─── Data for review
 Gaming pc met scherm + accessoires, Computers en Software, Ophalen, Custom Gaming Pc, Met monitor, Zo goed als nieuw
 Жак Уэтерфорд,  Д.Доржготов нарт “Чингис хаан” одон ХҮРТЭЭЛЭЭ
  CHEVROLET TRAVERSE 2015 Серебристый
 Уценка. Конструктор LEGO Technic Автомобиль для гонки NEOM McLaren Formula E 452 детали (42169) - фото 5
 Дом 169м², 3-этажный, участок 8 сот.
──────
─── Data for review
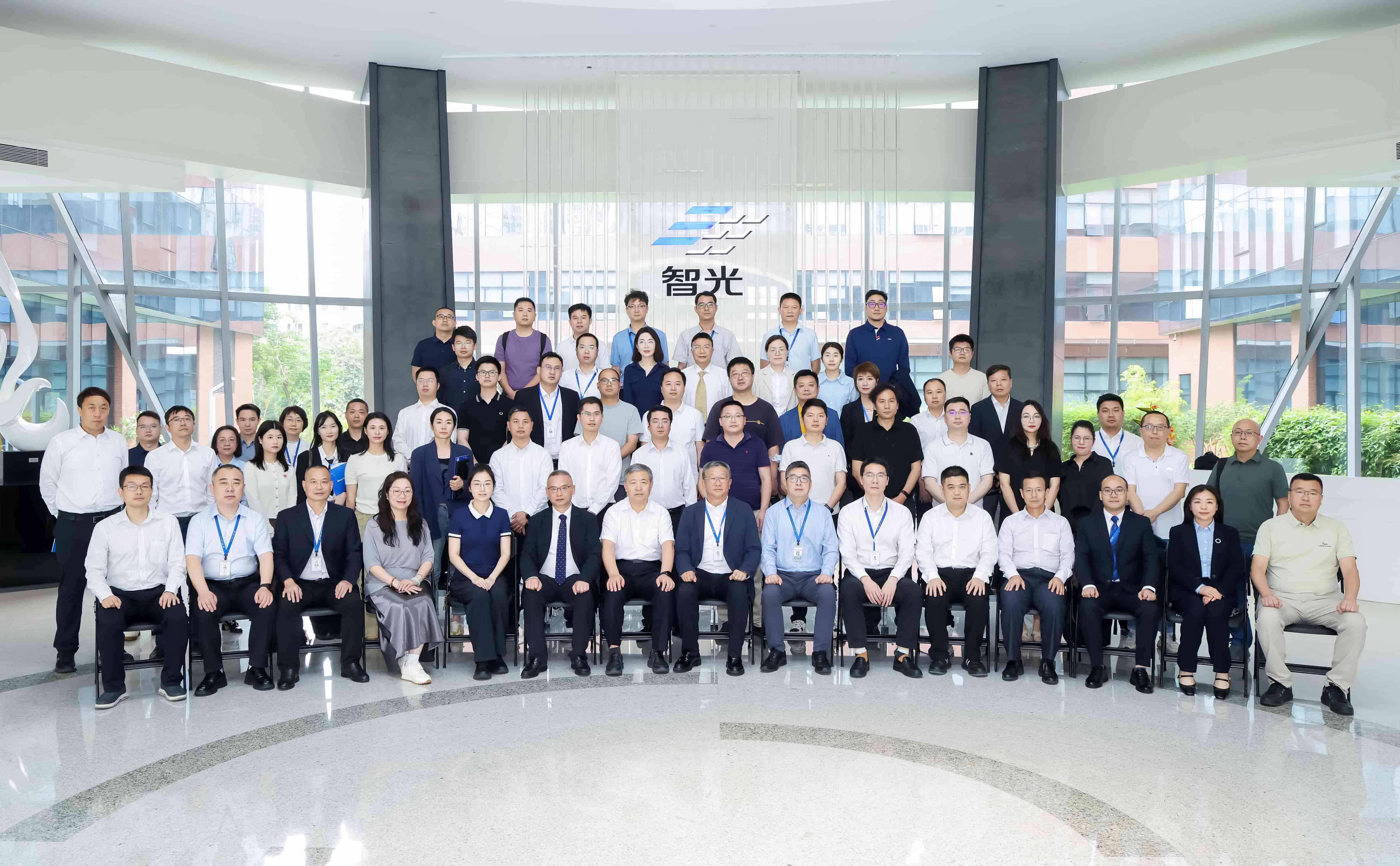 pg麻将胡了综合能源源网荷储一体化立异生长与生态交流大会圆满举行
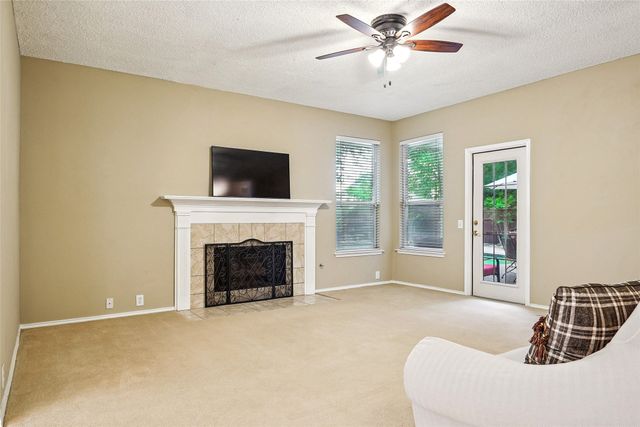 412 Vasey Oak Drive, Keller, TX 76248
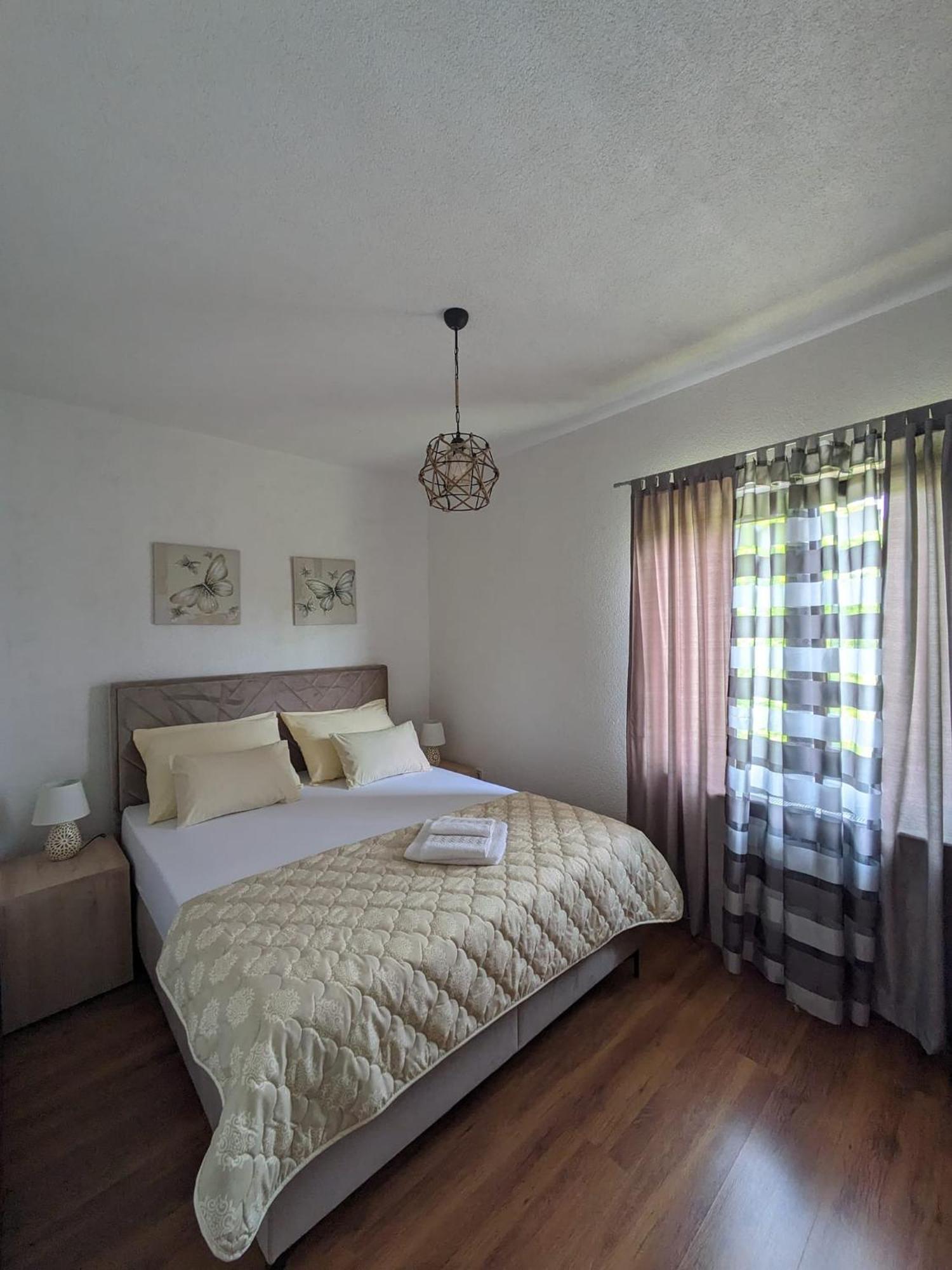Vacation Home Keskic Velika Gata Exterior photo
──────
The range runs from the line above containing "Gaming pc met" to the line containing "Дом 169м², 3-этажный, участок 8 сот.", inclusive. Restate those lines word for word and no others.

 Gaming pc met scherm + accessoires, Computers en Software, Ophalen, Custom Gaming Pc, Met monitor, Zo goed als nieuw
 Жак Уэтерфорд,  Д.Доржготов нарт “Чингис хаан” одон ХҮРТЭЭЛЭЭ
  CHEVROLET TRAVERSE 2015 Серебристый
 Уценка. Конструктор LEGO Technic Автомобиль для гонки NEOM McLaren Formula E 452 детали (42169) - фото 5
 Дом 169м², 3-этажный, участок 8 сот.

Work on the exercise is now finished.